Belediyelerin kültürel etkinliklerde Suriyeli sanatçılara yer vermesi ilk adım olabilir gerçek anlamda bir karşılaşma hali için. Belediye Kanunu’ndaki 13. Madde aslında mültecilerle ilgili yardımın ötesinde birlikte yaşama pratiği açısından önemli bir işlev üstlenme şansı veriyor. Bazı belediyeler bunu çok iyi de yapıyor. Yerel toplumun Suriyelileri tüm çoğulluklarının yok sayıldığı ve indirgendiği ‘mülteci’ tanımlamasının dışında görmesinin kabul noktasında önemli olduğunu düşünüyorum.

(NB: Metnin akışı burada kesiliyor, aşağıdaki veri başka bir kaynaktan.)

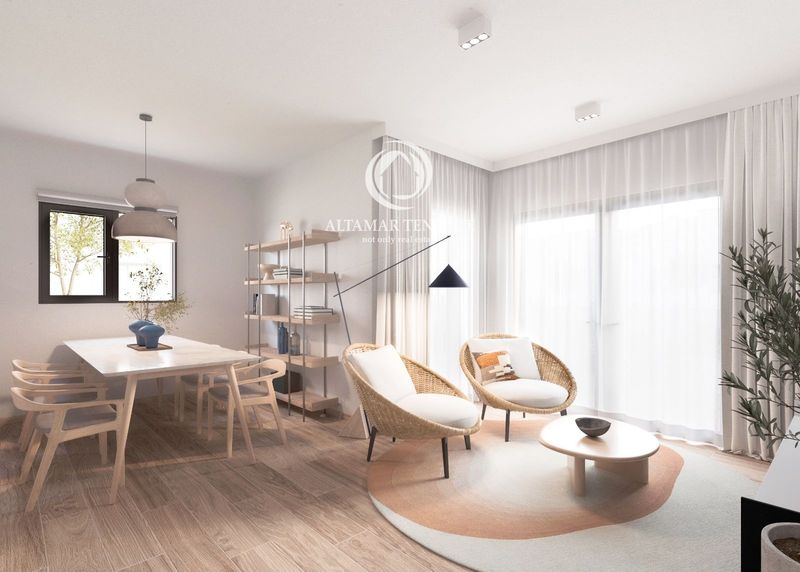 Adosado en venta Las Chafiras, Santa Cruz Tenerife. Ref: 1564. Altamar Tenerife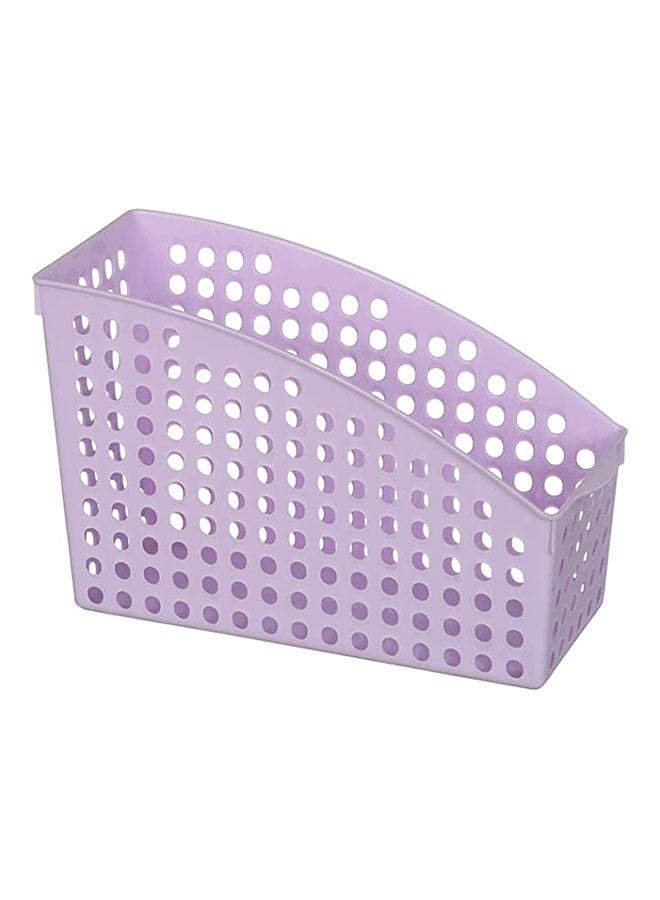 Fridge Organizer Purple 55x60cm 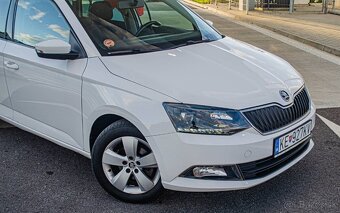 Škoda Fabia Combi 1.2 TSI 66Kw - 2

Gelelim araştırmanızın sonuçlarına... Size konuşan Suriyeliler özel olarak mekânsallaşma açısından ne söyledi?
Suriyelilerin mekansallaşması daha çok restoran ve kafeler üzerinden oluyor. Bu tabi tesadüf değil dünyadaki diğer göç süreçlerinde de sıkça karşılaşılan bir durum.
Çünkü Nazife Şişman‟ın deyimiyle evlerini yanlarında götüremeyen göçmenlerin kültürel taşıyıcısı mutfak ve müziktir ve bu iki olgu taşınabilir bir tür vatandır.
Suriyelilerin İstanbul‟da kurduğu açtığı yemekle ilgili mekânlar kadar „yemek‟ olgusunun kendisi de bir “mekân” olarak değerlendirilebilir. Çünkü bu mekânlar içlerinde pişen yemekler kadar dekor ve tasarımlarıyla da Suriyelilerin kendilerini “vatan”larında ve “eskisi” gibi hissettikleri yerlerin başında geliyor.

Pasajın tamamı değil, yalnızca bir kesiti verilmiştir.